---------- Exercise input
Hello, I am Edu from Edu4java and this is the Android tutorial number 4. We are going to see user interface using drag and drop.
--------------------
---------- Exercise input
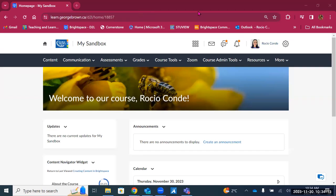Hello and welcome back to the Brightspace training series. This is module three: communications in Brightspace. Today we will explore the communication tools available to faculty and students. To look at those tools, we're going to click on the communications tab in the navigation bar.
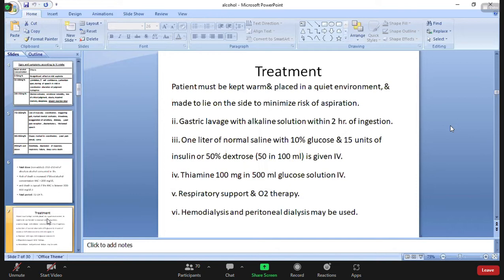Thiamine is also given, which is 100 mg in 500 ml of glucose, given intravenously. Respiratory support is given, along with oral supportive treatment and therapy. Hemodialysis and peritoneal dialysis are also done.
--------------------
> [Task details]
In the records above, find the line with "Hello and welcome" and the line with "Thiamine is also", then restate word for word only those two lines and all lines between, omitting pictures.

> [Response]
Hello and welcome back to the Brightspace training series. This is module three: communications in Brightspace. Today we will explore the communication tools available to faculty and students. To look at those tools, we're going to click on the communications tab in the navigation bar.
Thiamine is also given, which is 100 mg in 500 ml of glucose, given intravenously. Respiratory support is given, along with oral supportive treatment and therapy. Hemodialysis and peritoneal dialysis are also done.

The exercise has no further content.